ARARAT (5165 m) - Versant ouest
Septembre 2015 - Anatolie, Turquie
Jour 1 : Mission infiltration
Récit de l'expédition
Galerie photos
Le mont Ararat, culminant à 5165 mètres d'altitude, est le sommet le plus élevé de Turquie. Ce stratovolcan endormi, aux neiges éternelles, se situe sur un haut-plateau à l'extrême est du pays, en Anatolie orientale. Le sommet est situé à 15 km de l'Iran, et à 60 km d'Erevan, la capitale arménienne. La montagne est composée en réalité de deux sommets bien distincts, le Grand Ararat et le Petit Ararat (3925 m), et fut vaincue pour la première fois en 1829 par Friedrich Parrot, un médecin russe.
Le nom Ararat apparaît pour la première fois dans la Bible. En effet le livre de la Genèse évoque une chaîne de montagnes où se serait posée l'arche de Noé après le Déluge, dans le royaume d'Ararat. Cette légende a été à l'origine de ce qu'on a appelé "l'anomalie d'Ararat", une forme non identifiée apparaissant sur quelques photographies des étendues enneigées près du sommet, et objet de fantasmes bibliques.
Le climat de la région est rigoureux mais les précipitations sont peu importantes. La partie inférieure de la montagne est soumise à des vents secs venus de la plaine de l'Araxe, si bien que la région est une des plus arides du pays. En raison de l'agitation politique au Kurdistan turc, la région de l'Ararat a régulièrement été militarisée.

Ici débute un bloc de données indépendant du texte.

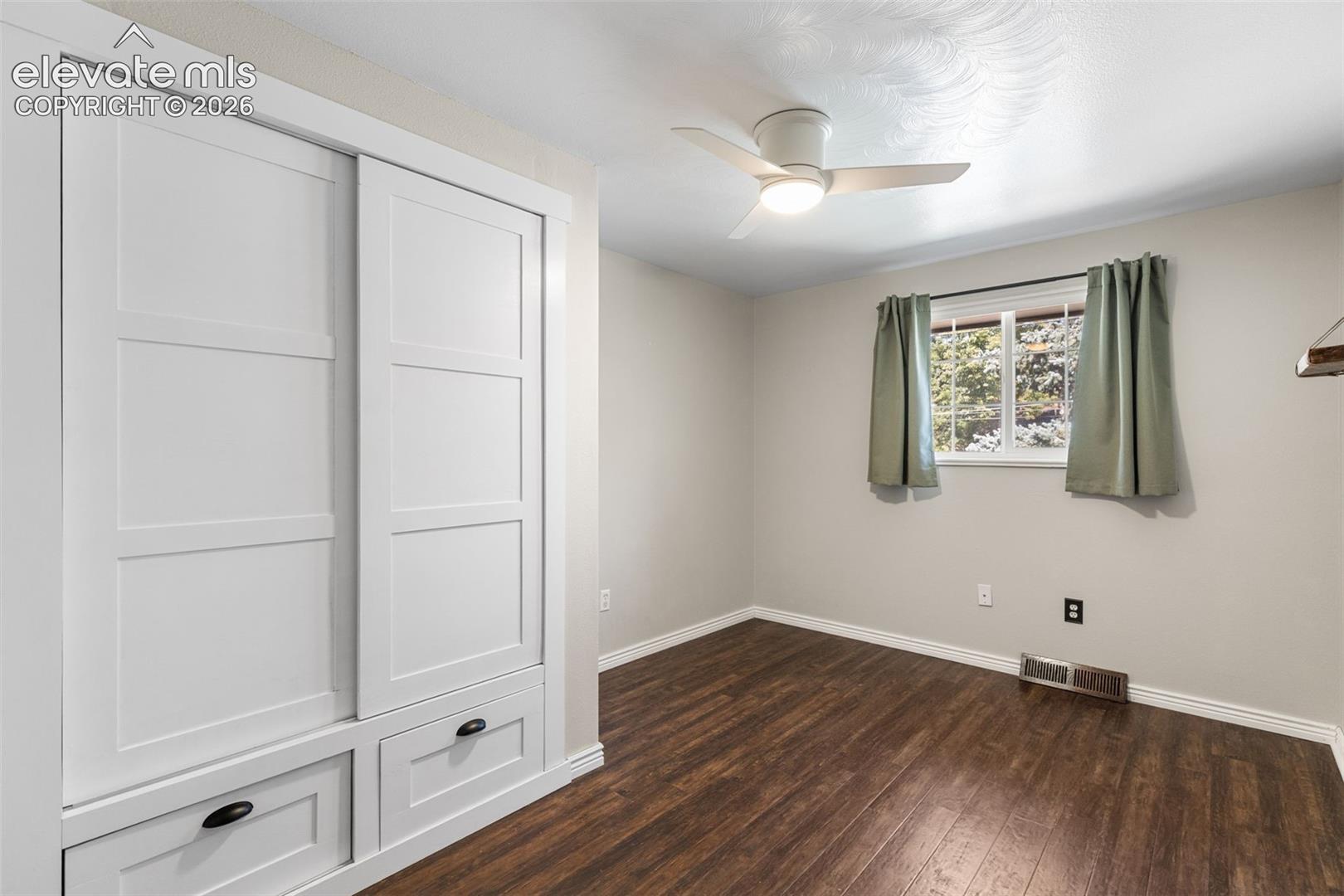 Listing photo 10 for 509 W Cheyenne Road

Après avoir entrepris avec succès deux ascensions, celle de l'Elbrouz en 2013, puis celle du Demavend l'année suivante, j'ai vraiment à cœur de compléter le tryptique de renom des "5000" du Proche-Orient. Il ne me reste pour cela qu'à ajouter à mon palmarès l'Ararat, ce grand volcan englacé situé à l'extrême est de la Turquie. Point culminant du pays, et sanctuaire de nombreux mythes, la montagne s'élève sur le haut-plateau anatolien, près de la ville de Dogubeyazit.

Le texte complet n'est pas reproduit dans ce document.